Fire Beacon after sunrise, 2015
I was looking to get a great sunrise on the Firle Beacon slopes of the South Downs, as in the summer, the sunrise would hit the north of the downs as it rises to the northeast in summer, whereas in winter it’s in the southeast, usually over the sea. The light was shielded by sporadic clouds, and at one point I suddenly became engulfed in some surprising mist, but the clouds provided interest in the sky for these shots.
Just before the sunrise, I experimented again with the Big Stopper, reducing the exposure by 10 stops and prolonging it for a few minutes to get the sweeping texture in the sky here. I didn’t like this as much as the left side of the photo seemed dull by comparison.
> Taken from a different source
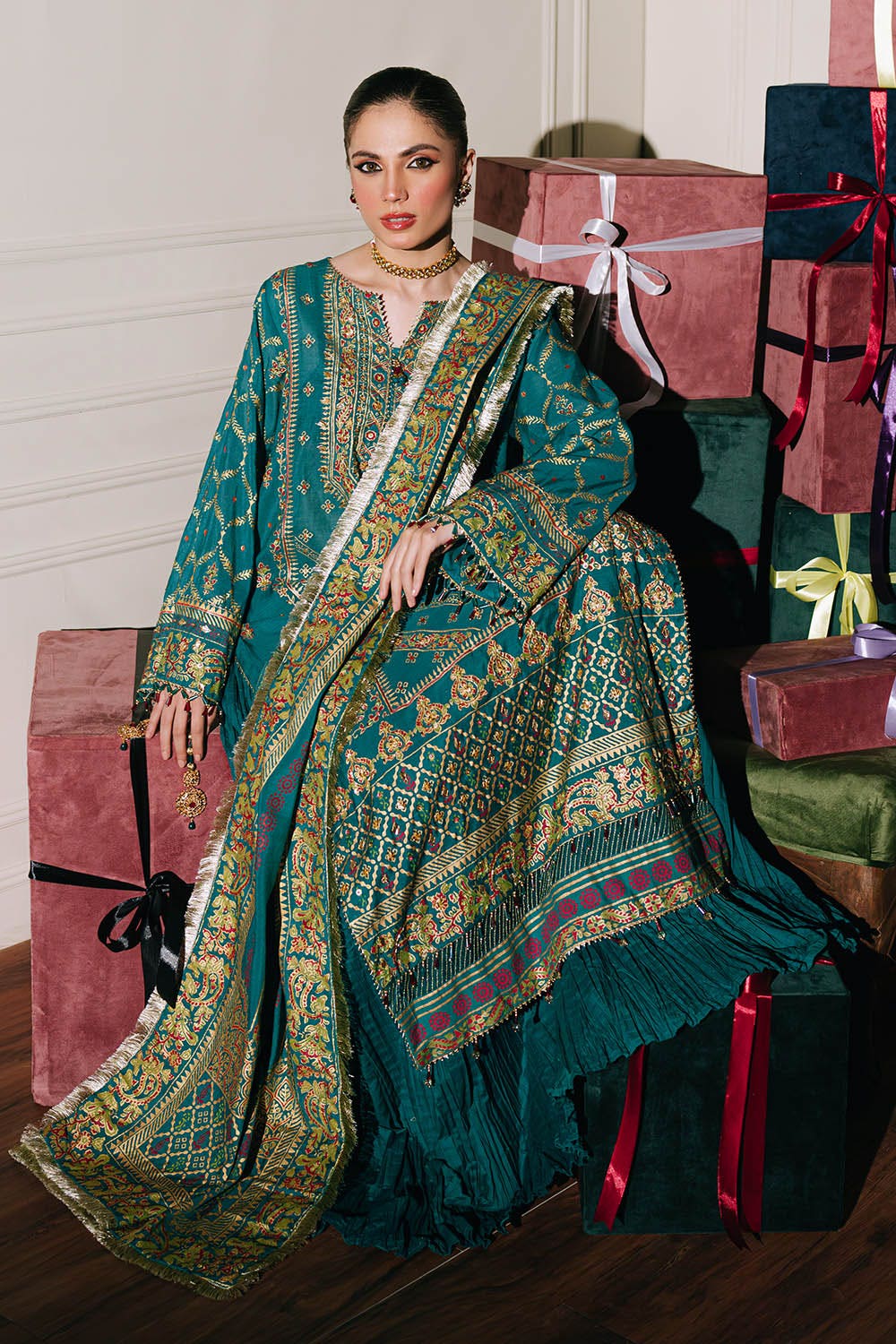 Gul Ahmed 3 Piece Custom Stitched Suit - Blue - LB29868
The light really glowed over the reaches of the Sussex/Kent border, and I experimented with a 2x extender to increase the focal length of my 70-200mm lens. The extender doubles the focal length, so this is actually at maximum of 400mm. It’s not that sharp, as it’s better to use a lens with the focal length of 400mm than use an adapter, but I love the layers in the bottom of the image.
Hay bales, 2015
Using a long focal length compresses the landscape and offers different compositions to really hone in on details and patterns, I liked the texture in the fields and found this odd turret on some farmland, which I presume is part of the Firle/Charleston Estate.
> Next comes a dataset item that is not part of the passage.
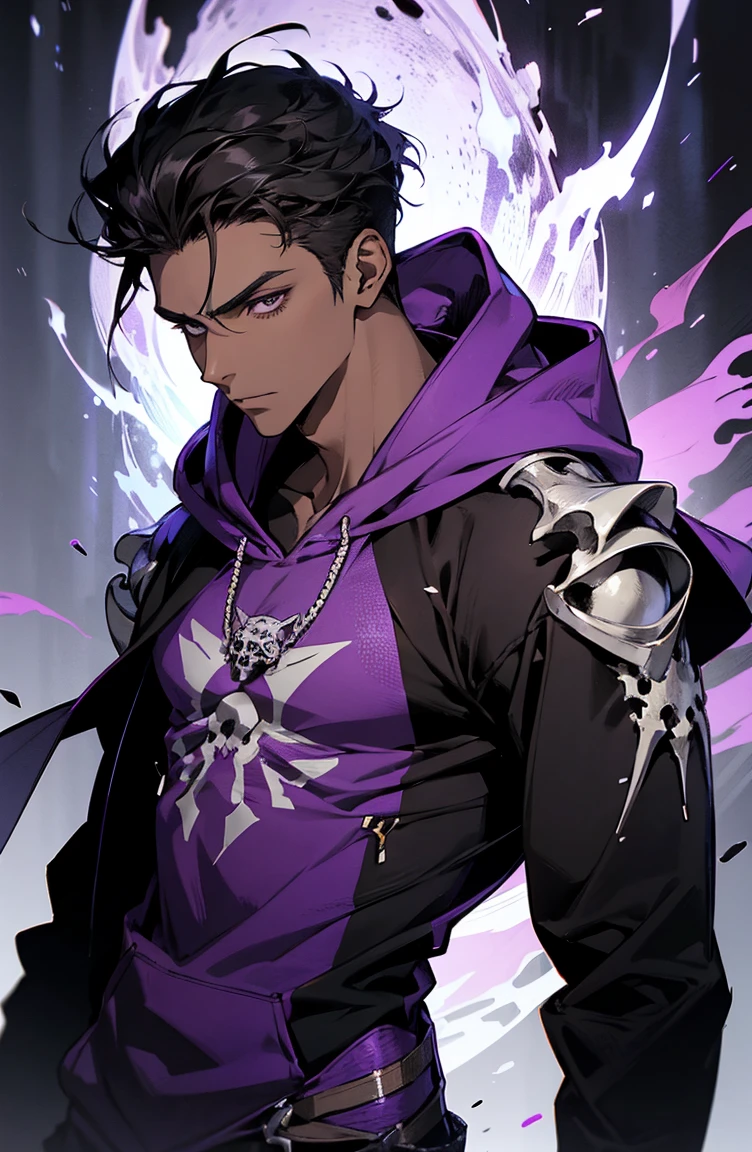 male with bones, looking away from camera, skulls, bones, handsome, black, dark skin, tall, broad shoulders, black hair, purple, purple fire, magic, detailed face, fantasy, hoodie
This shoot was as much about details as it was about the vista of the beacon and valley at Firle. The morning dew twinkled off these summer wildflowers, but I couldn’t quite get the composition right here and will try more of this again later this year. Before the mist rolled onto the hill when I reached the summit, these beautiful clouds rolled over and I went for this simple composition before heading home for a morning smoothie and hot cup of tea.